Tytler: Magny Cours is in the middle of nowhere in France and although it is a safe track, spectators and drivers die of boredom. Paul Ricard, the drink's magnate, finance the building of Circuit Paul Ricard in the hilltop hamlet of Le Camp which forms part of medieval township of Le Castellet in Provence. Paul Ricard is a far better track than Magny Cours. Le Castellet is fast, quite flat and can become dusty.
This well-financed circuit had excellent facilities for the teams and the spectators. Now thirty years old, the Paul Ricard circuit has been relegated to truck racing and FIM motorcycle racing. I would rather see the French Grand Prix return to Dijon-Prenois, an open circuit with sweeping bends and many changes in elevation, that was the scene of the greatest French Grand Prix of all time, in 1979.
Jones: The Paul Ricard track is still in use as a testing venue for Formula One teams on occasion - the south coast of France being a relatively nice place to race. It hasn't changed at all since it was last used for Formula One in 1990.
Jones: When it was first built, Paul Ricard was considered an uninspiring but safe facility, perhaps the safest in Europe.
Tytler: Paul Ricard had a reasonably good safety record by 80's standards.
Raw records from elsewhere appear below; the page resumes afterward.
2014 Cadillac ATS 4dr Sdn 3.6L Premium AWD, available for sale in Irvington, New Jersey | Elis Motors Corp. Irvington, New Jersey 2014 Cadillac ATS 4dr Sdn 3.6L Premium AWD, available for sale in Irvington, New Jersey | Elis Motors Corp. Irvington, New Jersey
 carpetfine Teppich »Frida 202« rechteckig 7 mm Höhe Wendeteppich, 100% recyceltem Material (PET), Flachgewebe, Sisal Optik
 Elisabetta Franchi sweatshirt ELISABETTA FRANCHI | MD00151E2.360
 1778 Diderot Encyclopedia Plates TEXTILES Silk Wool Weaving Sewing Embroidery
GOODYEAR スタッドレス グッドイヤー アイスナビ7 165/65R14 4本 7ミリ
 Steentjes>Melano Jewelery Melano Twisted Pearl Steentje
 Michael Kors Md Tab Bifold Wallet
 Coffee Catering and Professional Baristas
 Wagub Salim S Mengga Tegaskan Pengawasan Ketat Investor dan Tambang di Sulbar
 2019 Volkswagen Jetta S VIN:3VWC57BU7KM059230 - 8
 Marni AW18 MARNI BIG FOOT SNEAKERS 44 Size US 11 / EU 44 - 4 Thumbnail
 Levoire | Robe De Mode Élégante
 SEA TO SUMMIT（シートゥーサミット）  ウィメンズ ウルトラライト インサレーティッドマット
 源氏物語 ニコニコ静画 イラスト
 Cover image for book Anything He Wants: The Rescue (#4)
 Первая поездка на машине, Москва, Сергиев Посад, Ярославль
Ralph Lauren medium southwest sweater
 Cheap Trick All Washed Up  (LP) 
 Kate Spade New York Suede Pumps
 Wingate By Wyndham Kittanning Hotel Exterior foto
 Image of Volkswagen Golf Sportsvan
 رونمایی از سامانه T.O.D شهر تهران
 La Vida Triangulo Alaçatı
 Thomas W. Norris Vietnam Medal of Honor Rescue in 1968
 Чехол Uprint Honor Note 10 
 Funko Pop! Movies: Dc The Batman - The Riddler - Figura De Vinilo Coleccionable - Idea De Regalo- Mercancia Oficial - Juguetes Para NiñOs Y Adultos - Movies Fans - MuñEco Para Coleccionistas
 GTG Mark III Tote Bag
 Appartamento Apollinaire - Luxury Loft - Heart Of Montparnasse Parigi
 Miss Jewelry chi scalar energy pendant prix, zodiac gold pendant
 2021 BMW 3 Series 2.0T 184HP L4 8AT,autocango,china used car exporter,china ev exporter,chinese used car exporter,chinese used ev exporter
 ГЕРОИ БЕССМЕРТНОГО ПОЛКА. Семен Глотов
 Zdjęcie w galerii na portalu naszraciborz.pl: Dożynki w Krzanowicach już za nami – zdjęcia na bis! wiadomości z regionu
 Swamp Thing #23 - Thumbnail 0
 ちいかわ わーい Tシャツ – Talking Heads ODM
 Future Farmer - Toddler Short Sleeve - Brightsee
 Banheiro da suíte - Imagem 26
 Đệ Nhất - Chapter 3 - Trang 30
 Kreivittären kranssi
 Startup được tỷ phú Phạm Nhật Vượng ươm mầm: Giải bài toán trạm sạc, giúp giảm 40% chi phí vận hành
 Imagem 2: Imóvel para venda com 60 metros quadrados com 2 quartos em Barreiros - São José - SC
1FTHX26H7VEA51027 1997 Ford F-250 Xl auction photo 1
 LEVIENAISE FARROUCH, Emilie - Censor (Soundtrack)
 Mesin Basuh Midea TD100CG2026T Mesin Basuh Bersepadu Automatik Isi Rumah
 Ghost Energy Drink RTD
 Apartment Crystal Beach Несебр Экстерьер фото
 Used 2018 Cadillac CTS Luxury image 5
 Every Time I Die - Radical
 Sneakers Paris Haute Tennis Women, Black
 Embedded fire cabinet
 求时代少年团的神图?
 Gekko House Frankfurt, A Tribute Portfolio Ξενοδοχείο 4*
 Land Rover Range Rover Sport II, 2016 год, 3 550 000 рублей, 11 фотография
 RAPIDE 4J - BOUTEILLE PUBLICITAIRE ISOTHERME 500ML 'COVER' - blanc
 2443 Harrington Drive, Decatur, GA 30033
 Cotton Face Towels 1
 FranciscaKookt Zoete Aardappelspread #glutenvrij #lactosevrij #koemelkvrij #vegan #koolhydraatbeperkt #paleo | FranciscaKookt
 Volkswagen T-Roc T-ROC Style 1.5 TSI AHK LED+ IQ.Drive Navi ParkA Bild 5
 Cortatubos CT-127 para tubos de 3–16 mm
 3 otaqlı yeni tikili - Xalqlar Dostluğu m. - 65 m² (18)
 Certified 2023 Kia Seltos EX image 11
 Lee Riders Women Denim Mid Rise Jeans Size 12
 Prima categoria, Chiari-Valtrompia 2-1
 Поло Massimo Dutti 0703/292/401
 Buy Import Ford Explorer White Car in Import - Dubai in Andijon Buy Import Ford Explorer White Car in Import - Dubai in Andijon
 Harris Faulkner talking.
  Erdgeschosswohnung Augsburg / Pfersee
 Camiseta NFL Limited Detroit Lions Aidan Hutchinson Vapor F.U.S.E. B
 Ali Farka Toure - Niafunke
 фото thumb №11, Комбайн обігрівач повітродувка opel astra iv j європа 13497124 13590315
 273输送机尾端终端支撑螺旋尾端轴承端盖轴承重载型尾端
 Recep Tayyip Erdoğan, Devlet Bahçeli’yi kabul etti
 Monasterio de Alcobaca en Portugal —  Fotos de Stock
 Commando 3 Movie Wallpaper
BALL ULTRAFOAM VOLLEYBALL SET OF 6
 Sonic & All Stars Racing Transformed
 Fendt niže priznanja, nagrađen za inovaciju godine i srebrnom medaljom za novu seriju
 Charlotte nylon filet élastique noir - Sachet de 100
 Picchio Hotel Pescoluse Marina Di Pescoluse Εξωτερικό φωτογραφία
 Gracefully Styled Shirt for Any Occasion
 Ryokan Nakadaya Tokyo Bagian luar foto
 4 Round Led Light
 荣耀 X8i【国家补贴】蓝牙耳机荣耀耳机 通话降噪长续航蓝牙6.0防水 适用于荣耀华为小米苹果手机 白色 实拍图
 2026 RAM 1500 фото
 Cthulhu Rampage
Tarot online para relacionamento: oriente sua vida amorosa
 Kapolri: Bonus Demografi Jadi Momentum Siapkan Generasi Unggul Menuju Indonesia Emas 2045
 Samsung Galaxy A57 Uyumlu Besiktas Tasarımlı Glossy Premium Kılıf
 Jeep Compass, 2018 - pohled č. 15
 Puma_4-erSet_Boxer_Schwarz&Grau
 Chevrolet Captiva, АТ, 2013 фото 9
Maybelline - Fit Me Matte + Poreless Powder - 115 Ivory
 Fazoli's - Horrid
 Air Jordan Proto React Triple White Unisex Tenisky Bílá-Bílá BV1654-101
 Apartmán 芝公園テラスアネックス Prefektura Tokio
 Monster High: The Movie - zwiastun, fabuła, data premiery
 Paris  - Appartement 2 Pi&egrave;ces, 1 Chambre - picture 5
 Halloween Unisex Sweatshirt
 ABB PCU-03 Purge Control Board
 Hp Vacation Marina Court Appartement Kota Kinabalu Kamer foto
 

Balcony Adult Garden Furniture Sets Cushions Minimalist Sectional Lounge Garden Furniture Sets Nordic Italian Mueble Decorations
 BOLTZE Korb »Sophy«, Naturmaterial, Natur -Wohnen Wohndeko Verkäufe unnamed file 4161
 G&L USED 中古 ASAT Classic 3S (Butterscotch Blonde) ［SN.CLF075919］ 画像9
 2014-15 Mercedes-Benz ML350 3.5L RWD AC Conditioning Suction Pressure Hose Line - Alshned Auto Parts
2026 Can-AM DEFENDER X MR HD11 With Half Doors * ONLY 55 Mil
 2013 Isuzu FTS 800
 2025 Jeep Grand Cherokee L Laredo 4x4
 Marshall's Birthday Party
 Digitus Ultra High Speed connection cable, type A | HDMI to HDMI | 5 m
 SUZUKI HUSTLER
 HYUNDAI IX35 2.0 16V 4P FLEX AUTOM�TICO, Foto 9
There were only three major accidents at this circuit. During practice in 1985, Nigel Mansell had the worst accident of his career when a rear tyre on his Williams exploded at the end of the 1.6 Km Mistral straight, this tore off the rear wing and the car went off into the catch-fences at the end of the straight. Mansell was knocked unconscious after a fence-post hit him on the head. Mansell was hospitalised and wasn't allowed to compete in the race. Later that year, the FIA banned catch-fences.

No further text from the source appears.